The second type of deedless real estate investing, the sandwich lease option, starts out as a straight lease option. You then, as the tenant buyer, would find a second tenant/buyer to assign your interest in the property to. They would lease the property from you, with the option to buy it from you. When and if they exercise their option, you would in turn exercise your option to buy from the original seller. This puts you in the middle of the sandwich, where you stand to profit with little or none of your own money at risk!
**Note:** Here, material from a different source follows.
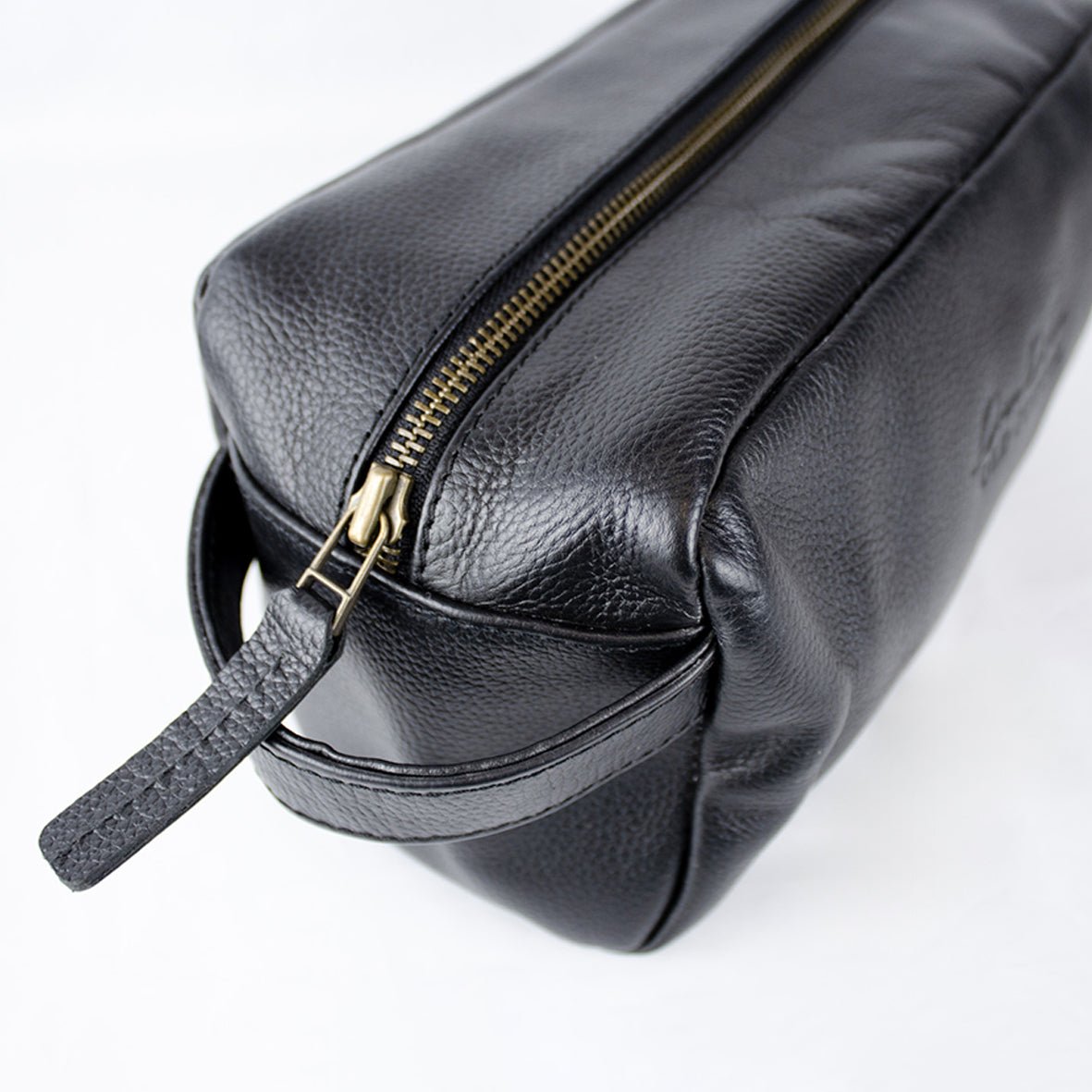 Luxury Full-Grain Leather Vanity Bag: Stylish, Durable, and Travel-Ready Organizer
Finally, the third tactic for deedless real estate investing is the subject to, which means you buy the property subject to the existing mortgage or deed of trust remaining in place in the seller’s name- you simply start making the payments. Some investors actually do insist that they get the deed when doing a subject to deal, but they don’t record the deed until they resell the property and cash out the seller’s loan.

Other subject to investors don’t get the deed, waiting instead until they find a buyer who exercises their option and cashes them out of the seller’s loan. Doing it this way makes this a true deedless real estate investing tactic, but significantly increases the risk. I don’t recommend it!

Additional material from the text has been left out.